Genrri Wilian Martínez Jerez
Siempre le tuvimos pavor
a las estatuas. Las mirábamos en el parque y nos aterrorizaba su quietud, sus facciones
toscas, sus pieles pulidas, pero lo peor de todo eran sus miradas tenebrosas y los
ojos; esos ojos vacíos, sin alma. Nunca le contamos a nadie, era muy vergonzoso.

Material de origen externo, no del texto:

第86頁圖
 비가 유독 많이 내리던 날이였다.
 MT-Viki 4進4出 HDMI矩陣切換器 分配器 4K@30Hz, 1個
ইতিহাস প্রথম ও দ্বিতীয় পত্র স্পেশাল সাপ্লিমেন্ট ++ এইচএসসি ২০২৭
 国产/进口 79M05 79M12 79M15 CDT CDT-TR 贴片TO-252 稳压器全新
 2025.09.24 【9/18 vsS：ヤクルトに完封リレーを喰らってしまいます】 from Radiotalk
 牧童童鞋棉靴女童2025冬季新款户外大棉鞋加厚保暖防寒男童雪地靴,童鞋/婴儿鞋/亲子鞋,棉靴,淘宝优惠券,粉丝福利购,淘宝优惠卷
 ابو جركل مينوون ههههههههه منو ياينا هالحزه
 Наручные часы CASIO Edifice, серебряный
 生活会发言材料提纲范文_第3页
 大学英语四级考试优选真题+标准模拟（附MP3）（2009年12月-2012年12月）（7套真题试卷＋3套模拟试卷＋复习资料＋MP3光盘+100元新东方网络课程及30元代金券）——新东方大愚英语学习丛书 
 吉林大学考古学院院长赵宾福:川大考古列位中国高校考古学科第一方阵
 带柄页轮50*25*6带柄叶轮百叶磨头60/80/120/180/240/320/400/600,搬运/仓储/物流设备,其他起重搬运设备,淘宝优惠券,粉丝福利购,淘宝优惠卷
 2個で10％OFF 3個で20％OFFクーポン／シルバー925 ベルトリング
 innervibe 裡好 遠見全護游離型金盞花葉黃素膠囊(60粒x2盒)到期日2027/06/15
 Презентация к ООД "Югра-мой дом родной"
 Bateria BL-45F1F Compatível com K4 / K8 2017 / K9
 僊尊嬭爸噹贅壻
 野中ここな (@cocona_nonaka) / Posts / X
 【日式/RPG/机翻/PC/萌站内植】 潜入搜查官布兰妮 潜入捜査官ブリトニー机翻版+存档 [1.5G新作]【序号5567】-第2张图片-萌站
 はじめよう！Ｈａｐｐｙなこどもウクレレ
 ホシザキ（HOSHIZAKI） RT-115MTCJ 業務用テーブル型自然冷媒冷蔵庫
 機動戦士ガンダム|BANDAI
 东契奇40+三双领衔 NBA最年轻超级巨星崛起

Para ocultarlo nos pasábamos todo el tiempo en el parque, incluso de noche. Aunque
ellas clavaran sus pupilas indolentes en nosotros.
Una
noche, a pesar del espanto, ella se aproximó a la más intimidante de las estatuas
y le susurró algo al oído. No sé qué fue, nunca me lo contó. Pero desde ese momento
les perdió el miedo y se acercaba a todas para acariciarlas y susurrarles. Yo observaba
algo alarmado cómo sus movimientos se iban volviendo más ágiles, sus ojos más brillantes,
su piel más suave. ¿O yo me estaría volviendo más lento? No sé, pero me preocupaba.
Un
día, sentados en el parque, observábamos a la gente en su andar habitual cuando
ella decidió marcharse repentinamente. Intenté seguirla en vano; no podía mover
un solo músculo. Entonces me miró compasiva, acarició mis labios y me susurró algo
al oído que aún no he podido comprender.